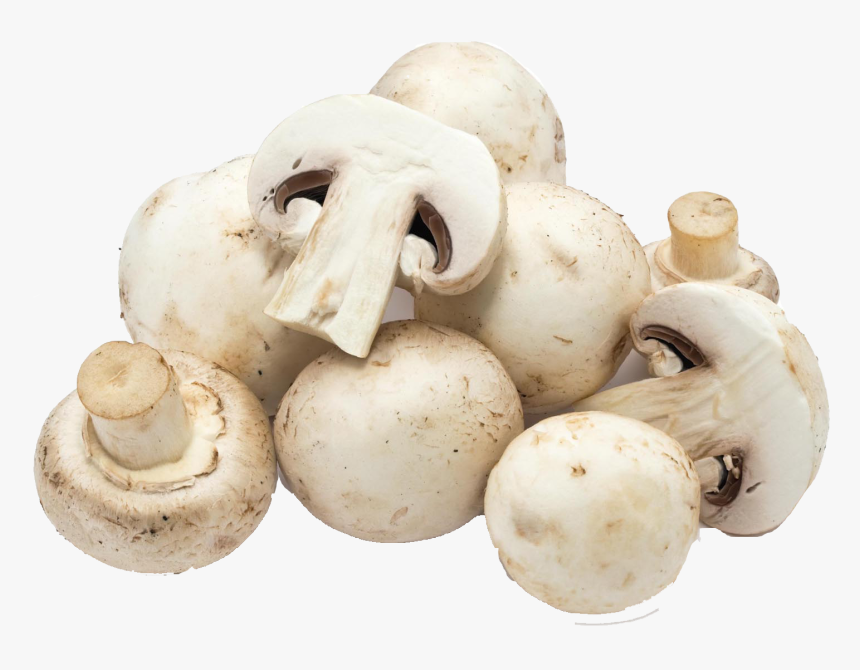 Mushroom Png Free Download - White Mushroom, Transparent Png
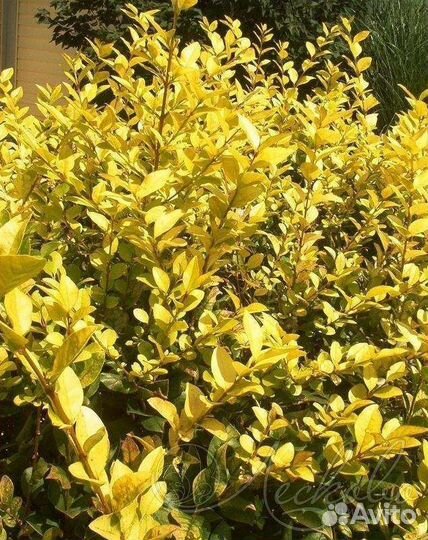 Бирючина золотистая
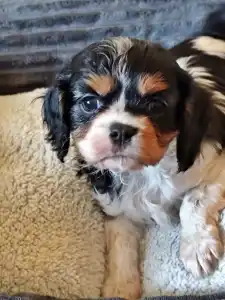 Cavalier King Charles Spaniel - Jade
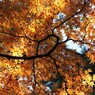 秋の万華鏡　3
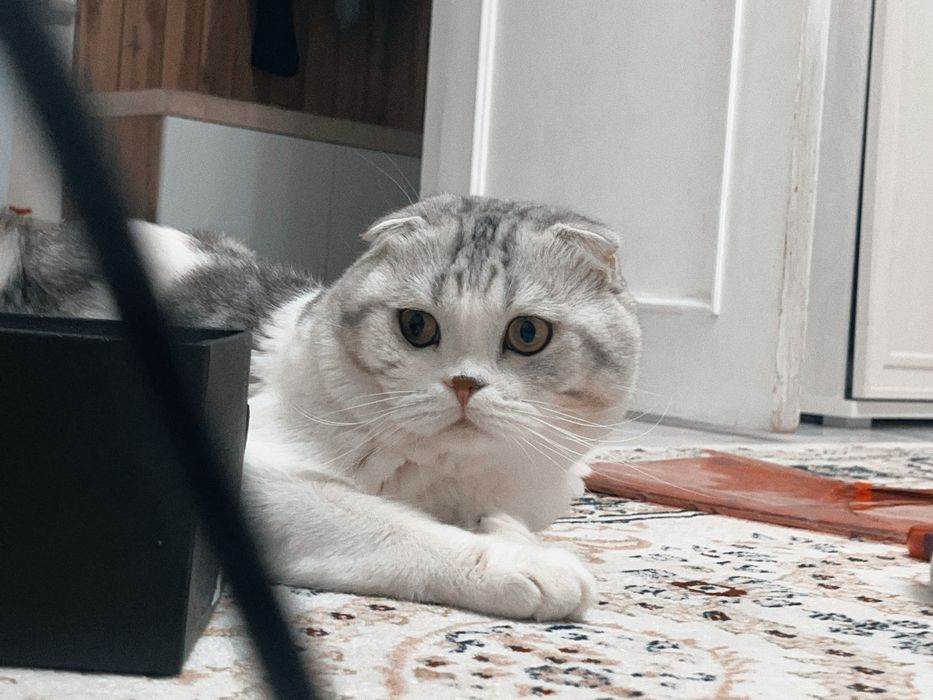 шатланская кошка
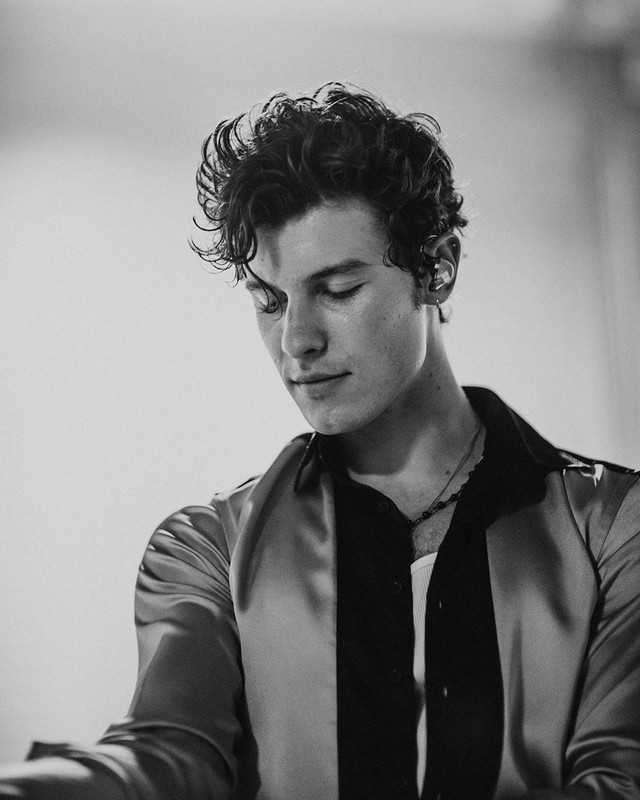 Shawn Mendes Foto: Instagram @shawnmendes.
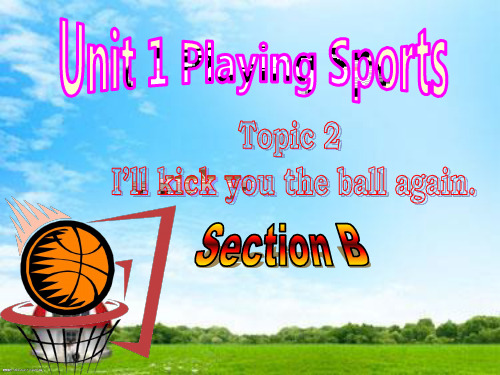 新科普版八年级英语上册《Topic 2 I'll kick you the ball again.  Section B》优质课课件_8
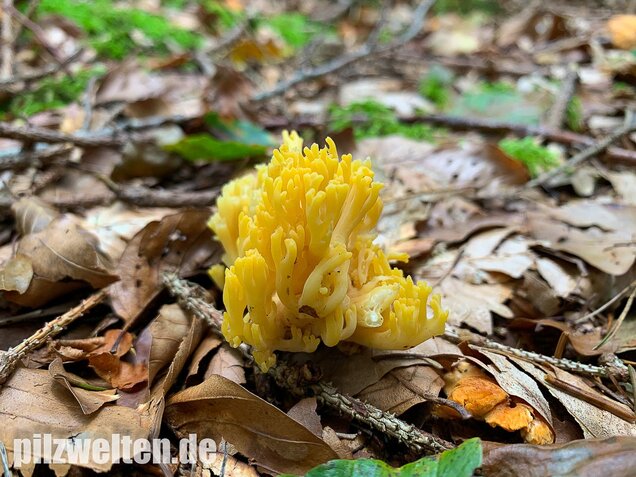 Schwefelgelbe Koralle, Ramaria flava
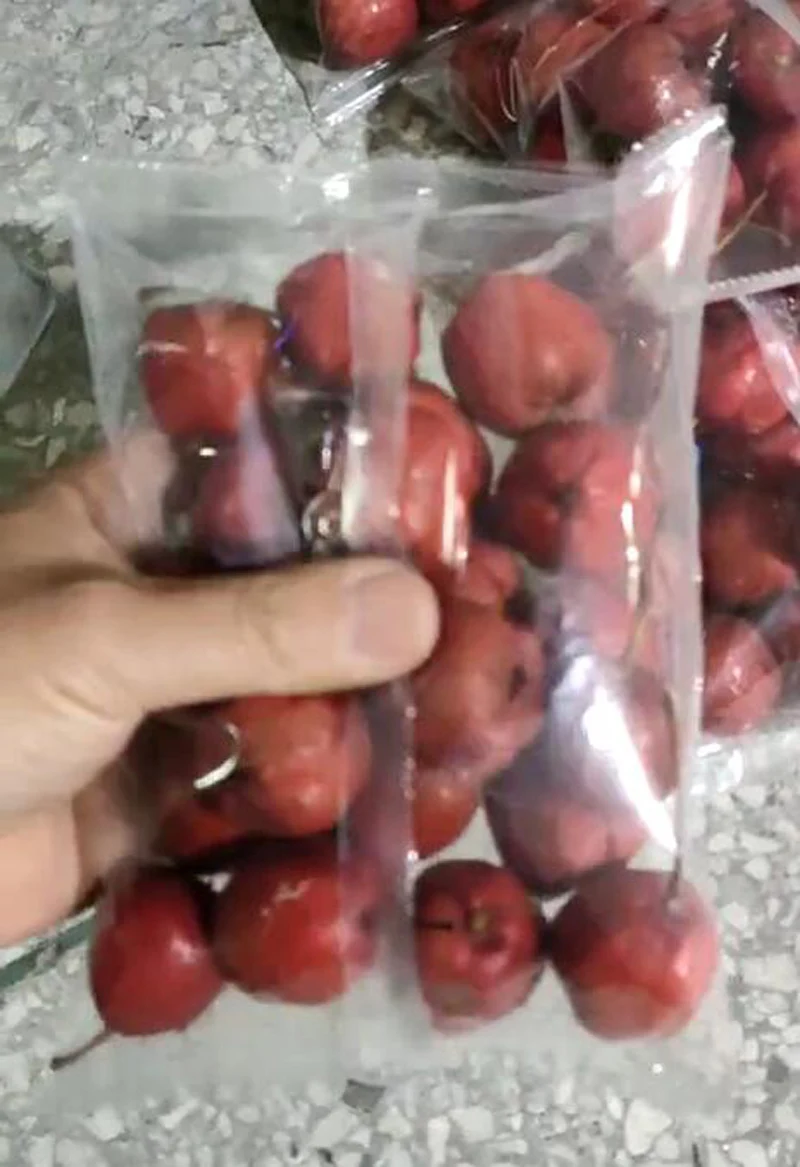 

20-500 г/50-1000 г Автоматическая упаковочная машина Пластиковый порошок для наполнения гранул Машина для упаковки пищевого чая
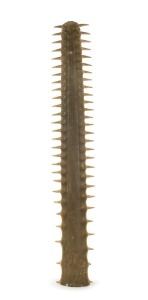 A sawfish rostrum, holed for mounting, early to mid 20th century, ​​​​​​​98.5cm long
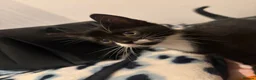 Mixed Breed cats for sale: Gorgeous kittens  - Advert 8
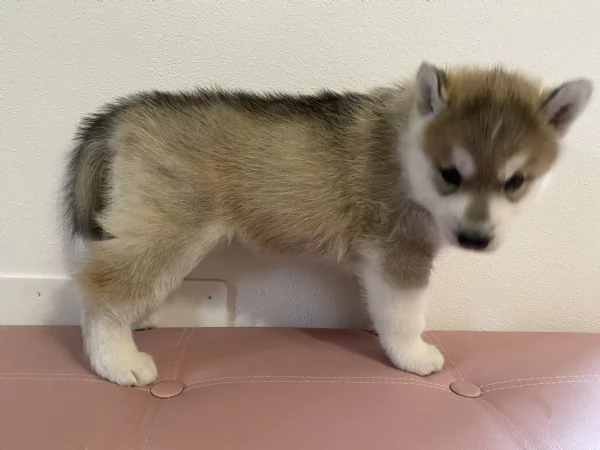 Cucciola Siberian husky con pedigree  | Foto 2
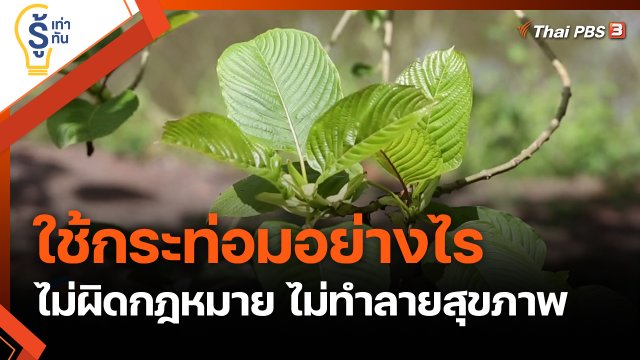 ใช้กระท่อมอย่างไร ไม่ผิดกฎหมาย ไม่ทำลายสุขภาพ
------------------------------------------------------------------------
◆ **Problem**:
Without the pictures, output the full listing exactly as it stands.

◆ **Finished task**:
 Mushroom Png Free Download - White Mushroom, Transparent Png
 Бирючина золотистая
 Cavalier King Charles Spaniel - Jade
 秋の万華鏡　3
 шатланская кошка
 Shawn Mendes Foto: Instagram @shawnmendes.
 新科普版八年级英语上册《Topic 2 I'll kick you the ball again.  Section B》优质课课件_8
 Schwefelgelbe Koralle, Ramaria flava

20-500 г/50-1000 г Автоматическая упаковочная машина Пластиковый порошок для наполнения гранул Машина для упаковки пищевого чая
 A sawfish rostrum, holed for mounting, early to mid 20th century, ​​​​​​​98.5cm long
 Mixed Breed cats for sale: Gorgeous kittens  - Advert 8
 Cucciola Siberian husky con pedigree  | Foto 2
 ใช้กระท่อมอย่างไร ไม่ผิดกฎหมาย ไม่ทำลายสุขภาพ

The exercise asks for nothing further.